Frieden und Versöhnung

Frieden und Versöhnung
20.12.2014 - 23:35

Ich habe Ihnen ein kleines Licht mitgebracht. Nicht auf einem schmucken Adventskranz oder Weihnachtsgesteck, sondern in einer blechernen Sturmlaterne. Und die braucht es auch. Denn dieses Licht hat eine abenteuerliche Reise hinter sich. Es kommt aus einer der gefährlichsten Ecken der Welt zu uns. Aus einer Region, in der immer wieder Sprengsätze hochgehen und Raketen einschlagen.

 

Dieses Licht ist in einer Kleinstadt im Westjordanland entzündet worden. Nicht weit weg von der großen Mauer, die sich schneidend zwischen Israelis und Palästinenser schiebt. Das Licht stammt aus Bethlehem. Ein kleiner Junge hat es an genau der Stelle entzündet, an der Menschen seit Jahrhunderten der Geburt des Jesus von Nazareth gedenken.

 

Das "Friedenslicht aus Bethlehem" wird es genannt, weil es ein Zeichen des Friedens und der Versöhnung sein will in einer Zeit, in der wenig von Frieden und Versöhnung zu spüren ist. Und eine Erinnerung daran, dass Weihnachten kein Fest für Träumer und Romantiker ist, sondern ein Fest, das mit den Realitäten dieser Welt zu tun hat.

 

Betlehem, das ist kein Ort, an dem ein "holder Knabe im lockigen Haar" geboren wurde. Das ist – damals wie heute – ein Ort, der auf irritierende Weise an die Brüchigkeit und Abgründigkeit unserer Welt erinnert, den Unfrieden und die Unversöhntheit, die dort und an vielen anderen Orten der Welt zu spüren sind.

 

Was aber bewirkt dann den Frieden, für den dieses Licht ein Zeichen sein will? – Zum Beispiel, dass in diesen Tagen Tausende von jungen Pfadfinderinnen und Pfadfindern Lichterstafetten organisieren, um dieses Friedenslicht zu möglichst vielen Menschen zu bringen.

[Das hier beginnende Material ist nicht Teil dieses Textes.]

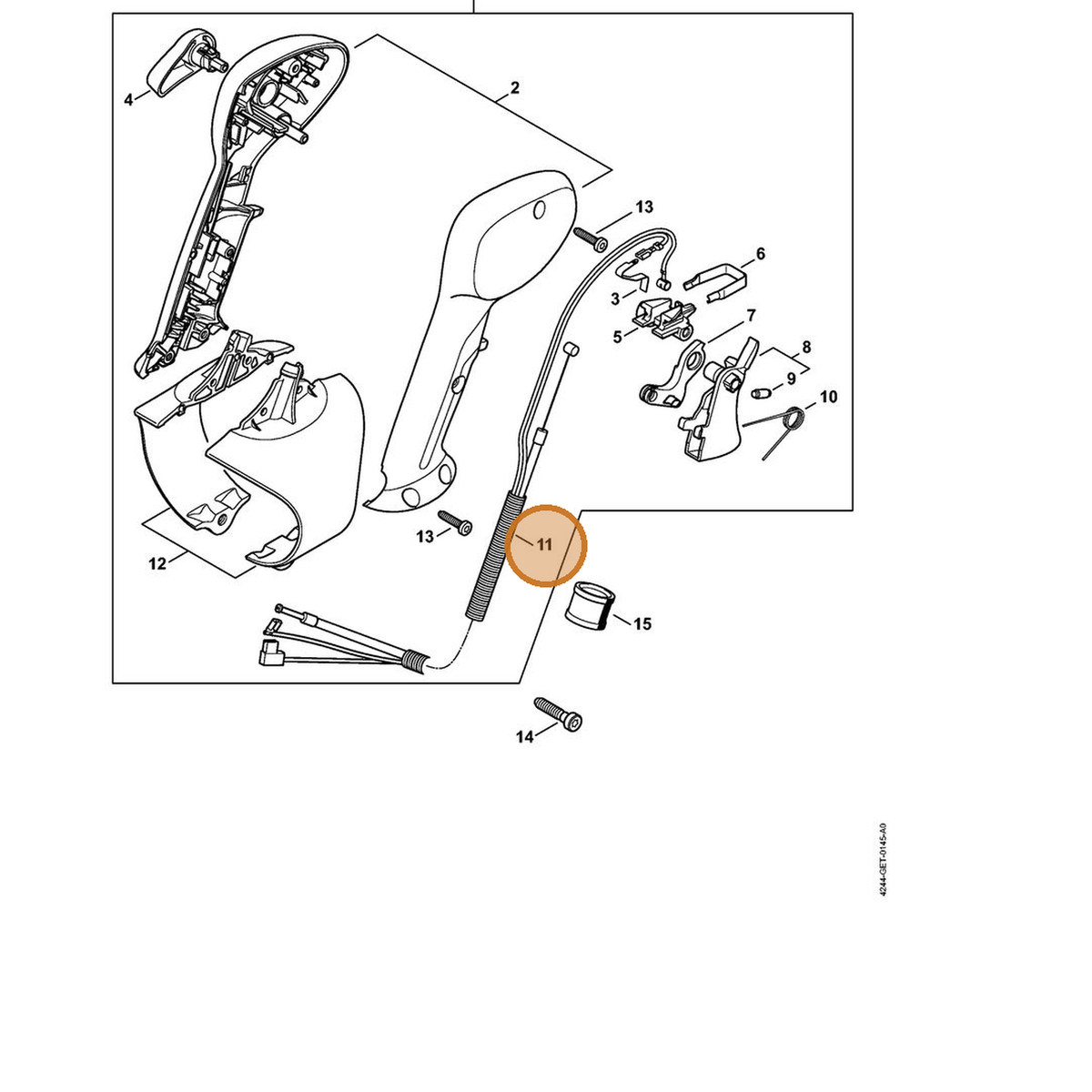 STIHL part 4244-180-1104 — IPL diagram snippet (6x zoom, amber highlight)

So ist es schon in der Ukraine und in Russland angekommen, im Europaparlament in Straßburg, im Verteidigungs- und Innenministerium, in Kirchengemeinden, Moscheen und Synagogen, in Krankenhäusern, Gefängnissen und in Flüchtlingsheimen.

 

Und bei jeder einzelnen Übergabe des Lichtes: ein kurzer Moment des Innehaltens und der Besinnung. Nach welchem Frieden sehne ich mich? Und: Wo kann ich einen konkreten Beitrag der Versöhnung leisten?

 

Ist es naiv zu glauben, dass auf einem solchen Weg der ersehnte Frieden zu uns kommt? Ich glaube, es ist der einzig gangbare Weg. Denn Frieden wird es nicht geben ohne Begegnung. Ohne dass zwei Menschen einander in die Augen schauen, ein Zeichen setzen und einen konkreten Schritt der Versöhnung gehen, mag er auf den ersten Blick auch noch so einfach und bescheiden sein.

 

Mir jedenfalls scheint das, was die Pfadfinderinnen und Pfadfinder da gerade mit dem "Friedenslicht aus Bethlehem"auf den Weg bringen, weit mehr dem Frieden in der Welt zu dienen, als das, was sich so mancher Wutbürger mit einfach gestrickten Parolen vom Leibe schreit. Und es scheint mir auch näher an dem zu sein, was dieser Jesus vorgelebt hat, dessen Geburtsfest sich nun wieder jährt.

 

Ein kleines, schnell ins Flackern zu bringendes Licht. Und zugleich ein großartiges Zeichen des Friedens, nach dem sich doch alle Menschen guten Willens sehnen. Ich vermute, es gibt auch in Ihrer Nähe die Möglichkeit, ein solches Friedenslicht zu bekommen und an einen anderen Menschen weiterzugeben. – In jedem Fall wünsche ich Ihnen ein friedvolles und versöhntes Weihnachtsfest.